====== The records ======

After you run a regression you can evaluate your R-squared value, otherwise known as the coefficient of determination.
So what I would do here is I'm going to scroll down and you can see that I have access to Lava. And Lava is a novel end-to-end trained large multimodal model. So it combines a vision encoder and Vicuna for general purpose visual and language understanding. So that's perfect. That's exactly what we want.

======
====== The records ======

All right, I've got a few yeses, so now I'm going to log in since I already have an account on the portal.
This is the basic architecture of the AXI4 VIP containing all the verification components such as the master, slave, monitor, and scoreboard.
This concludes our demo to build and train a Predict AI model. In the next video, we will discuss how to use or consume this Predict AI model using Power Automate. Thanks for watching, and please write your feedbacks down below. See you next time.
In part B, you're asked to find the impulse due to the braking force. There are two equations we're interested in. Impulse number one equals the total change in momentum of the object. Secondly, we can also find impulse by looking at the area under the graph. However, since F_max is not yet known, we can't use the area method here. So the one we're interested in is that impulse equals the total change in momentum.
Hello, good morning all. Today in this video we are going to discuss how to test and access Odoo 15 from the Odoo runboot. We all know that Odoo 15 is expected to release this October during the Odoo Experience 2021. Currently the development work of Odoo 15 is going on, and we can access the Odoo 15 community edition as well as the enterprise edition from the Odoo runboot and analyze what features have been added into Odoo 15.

======

**Work to be completed:**
Nothing should appear in the answer except the lines above from the line with "This concludes our" through the line with "Hello, good morning", both included, written out exactly.

**Task output:**
This concludes our demo to build and train a Predict AI model. In the next video, we will discuss how to use or consume this Predict AI model using Power Automate. Thanks for watching, and please write your feedbacks down below. See you next time.
In part B, you're asked to find the impulse due to the braking force. There are two equations we're interested in. Impulse number one equals the total change in momentum of the object. Secondly, we can also find impulse by looking at the area under the graph. However, since F_max is not yet known, we can't use the area method here. So the one we're interested in is that impulse equals the total change in momentum.
Hello, good morning all. Today in this video we are going to discuss how to test and access Odoo 15 from the Odoo runboot. We all know that Odoo 15 is expected to release this October during the Odoo Experience 2021. Currently the development work of Odoo 15 is going on, and we can access the Odoo 15 community edition as well as the enterprise edition from the Odoo runboot and analyze what features have been added into Odoo 15.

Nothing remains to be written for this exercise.